One of the startling contrasts I witness was on the beach in front of the Rotana Hotel. On a lounge chair, a woman relaxed in the shade, dressed in a black abaya that covered her completely from head to toe. On the adjacent lounge, another woman sunned in a tiny bikini. Neither one seemed to be bothered by the other.
This is a city of beaches. Abu Dhabi is actually a T-shaped island, connected by bridges to other islands and to the mainland. There are more than 400 kilometres of coastline. The Corniche, the elegant walking path in the centre of the city, is a favourite place for walking, jogging or biking, and is lined with cafes and shops. A white sand beach stretches for two kilometres along its length, and there are landscaped parks and picnic grounds.
Day trips from the city into the desert give visitors the chance to experience the nomadic life of the Bedouins. You can visit the large camel market at Al Ain, where white robed locals barter for the best camels, and you can see every size, from babies to full grown, of this ancient “ship of the desert.” You can ride a camel through the dunes, sleep in a Bedouin tent and dine under the stars in an encampment. A popular activity is dune bashing, or wadi bashing, where practised drivers take you on hair-raising races through the desert, sliding down the sides of one dune and skidding up the next. You can even surf the sand dunes, or play golf on sand links, with a portable circle of grass that you tee off from.
If you tire of the sand, Al Ain, 150 kilometres from Abu Dhabi, is the “garden city of the Gulf,” an oasis in the sand and the home of the Royal family.

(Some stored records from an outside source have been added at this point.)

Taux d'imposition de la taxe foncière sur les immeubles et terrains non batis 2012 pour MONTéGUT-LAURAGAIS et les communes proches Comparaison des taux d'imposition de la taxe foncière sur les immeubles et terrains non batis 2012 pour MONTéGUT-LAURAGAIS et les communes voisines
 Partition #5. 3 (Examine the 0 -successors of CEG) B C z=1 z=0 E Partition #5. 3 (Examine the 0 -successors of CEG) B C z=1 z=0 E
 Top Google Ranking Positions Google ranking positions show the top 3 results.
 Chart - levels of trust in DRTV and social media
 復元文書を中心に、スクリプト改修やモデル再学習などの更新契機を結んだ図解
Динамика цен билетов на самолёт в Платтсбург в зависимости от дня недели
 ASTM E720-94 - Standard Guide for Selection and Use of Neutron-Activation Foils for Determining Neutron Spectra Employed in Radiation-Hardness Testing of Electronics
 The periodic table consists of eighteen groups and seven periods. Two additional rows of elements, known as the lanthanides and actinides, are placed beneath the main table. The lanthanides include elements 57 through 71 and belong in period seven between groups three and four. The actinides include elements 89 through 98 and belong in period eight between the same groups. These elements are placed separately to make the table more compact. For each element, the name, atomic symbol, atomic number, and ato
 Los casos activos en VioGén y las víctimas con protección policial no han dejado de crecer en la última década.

It is a much more rural city, with a National Museum, the Hili Archaeological Park and surprisingly, an Olympic sized ice skating rink. Some of the best scuba diving in the world is to be found in the clear waters of the Persian Gulf.
This is one of the safest and most cosmopolitan cities in the UAE, and I felt very comfortable here. Most people speak English and there is a casual acceptance of western ways, while the lifestyle and history of the desert region has been both preserved and celebrated.
Abu Dhabi is the perfect antidote to Western ennui, a great choice for the four NYC friends seeking a new kind of adventure.
If you go
The United Arab Emirates is a federation of seven Arab emirates, with Abu Dhabi being the largest, and the capital. It also has the largest oil reserves.
Canadians do not require a visa to visit Abu Dhabi.
Etihad Airways has three direct flights a week from Toronto to Abu Dhabi.